A federal jury on Friday convicted five current or former police officers in the deadly shootings on a New Orleans bridge after Hurricane Katrina.

The verdicts close one of the darkest chapters of police abuse in the aftermath of Hurricane Katrina.

The five current and former New Orleans police officers were accused of wrongfully shooting six unarmed civilians, two fatally, on the Danziger Bridge several days after the storm hit New Orleans and then "staging an elaborate cover-up to justify the shootings," ltv.com reported.

Defendants Kenneth Bowen, Robert Gisevius, Robert Faulcon and Anthony Villavaso were found guilty of the shooting of civilians and participation in the cover-up. Sergeant Arthur Kaufman was found guilty of the cover-up, including the planting of a gun on the bridge and writing a false police report with phony witnesses.

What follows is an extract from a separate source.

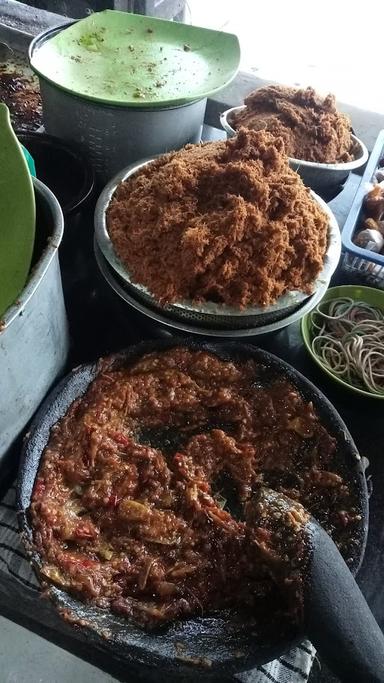 AYAM/IKAN BAKAR & GORENG TERA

Bowen, Gisevius, Faulcon, Villavaso were accused of shooting the unarmed men and women on the Danzinger Bridge after responding to police reports that shots were being fired there.

"Prosecutors contended that Faulcon fatally shot Ronald Madison, a 40-year-old mentally disabled man, in the back with a shotgun as he fled from the bridge, and Bowen was accused of stomping on Madison as he lay dying at the foot of the bridge. James Brissette, 17, was also killed on the bridge.

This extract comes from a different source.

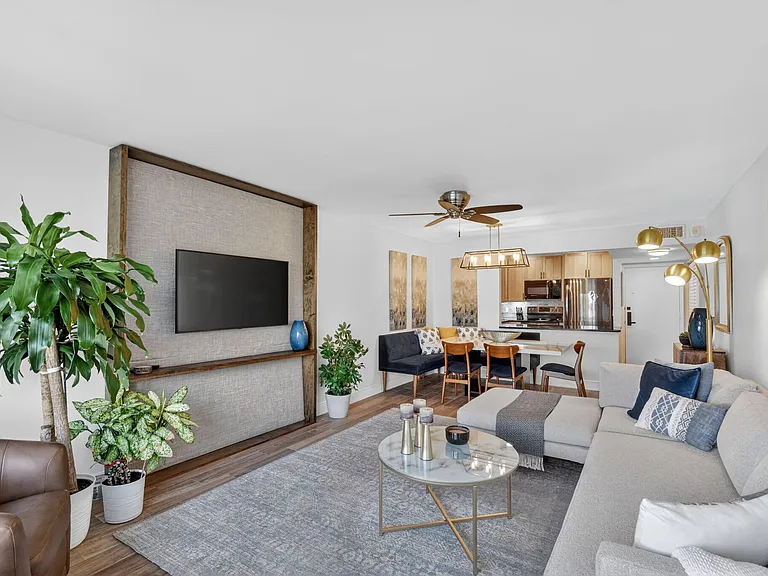 1502 S Lakeside Dr #214 — Photo 11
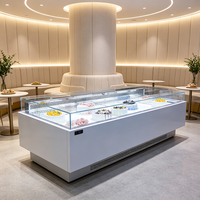 Congélateur de présentation de gâteaux sur mesure ODM avec vitre trempée et refroidissement par air pour supermarchés, boulangeries, sushis et pâtisseries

Defense attorneys attempted to justify the use of deadly force that left Madison and Brissette dead by painting a scene of officers rushing to the bridge on Sept. 4, 2005 around 9 a.m. to assist police who were under fire, ltv.com reported."

Jurors did not find that the killing of Ronald Madison rose to the level of murder, the AP reported. And jurors only found Kenneth Bowen guilty of shooting and killing James Brissette. The trial was a high-profile test of the Justice Department's effort to clean up a police department marred by long-term corruption and brutal killings in the chaos following the August 29, 2005 hurricane. 

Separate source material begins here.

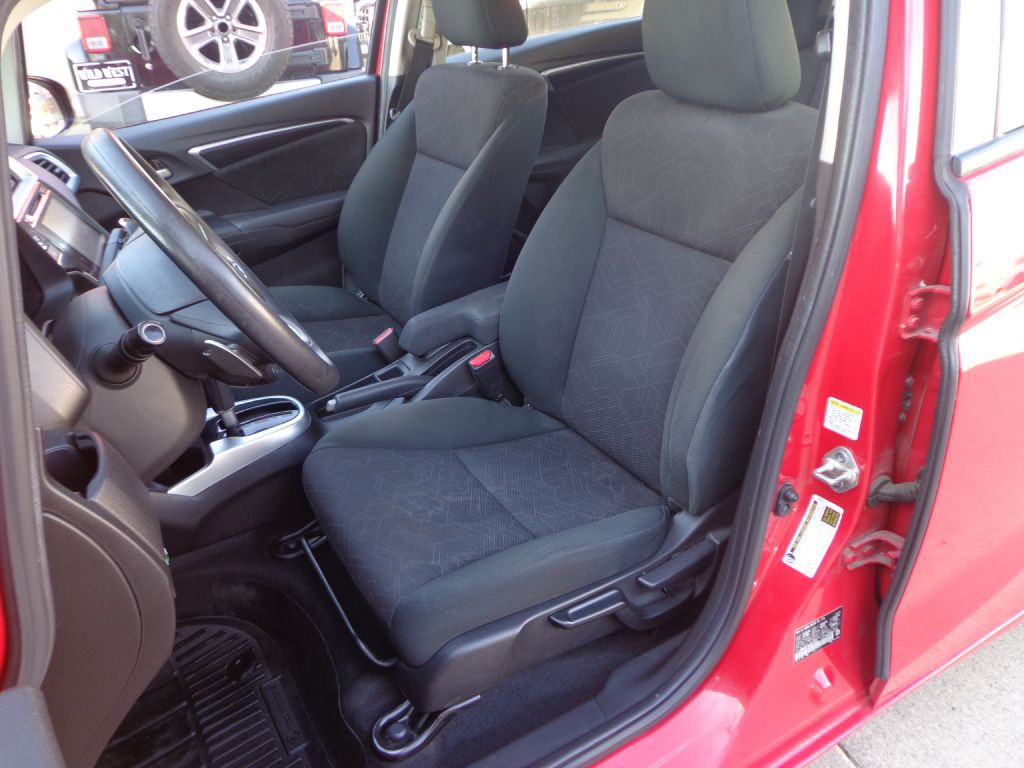 2016 Honda Fit Image 14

A total of 20 New Orleans police officers were charged last year in a series of federal probes, the AP reported. Most of the cases centered on violence and cover ups during the aftermath of Katrina, which plunged the flooded city into a state of lawlessness and desperation.

"This was a critical verdict. I cannot overstate the importance of this verdict. The power, the message it sends to the community, the healing power it has," U.S. Attorney Jim Letten said after the verdict.

Sentencing was tentatively scheduled for Dec. 14. Kaufman remains free on bond until he is sentenced; the other four officers already are jailed.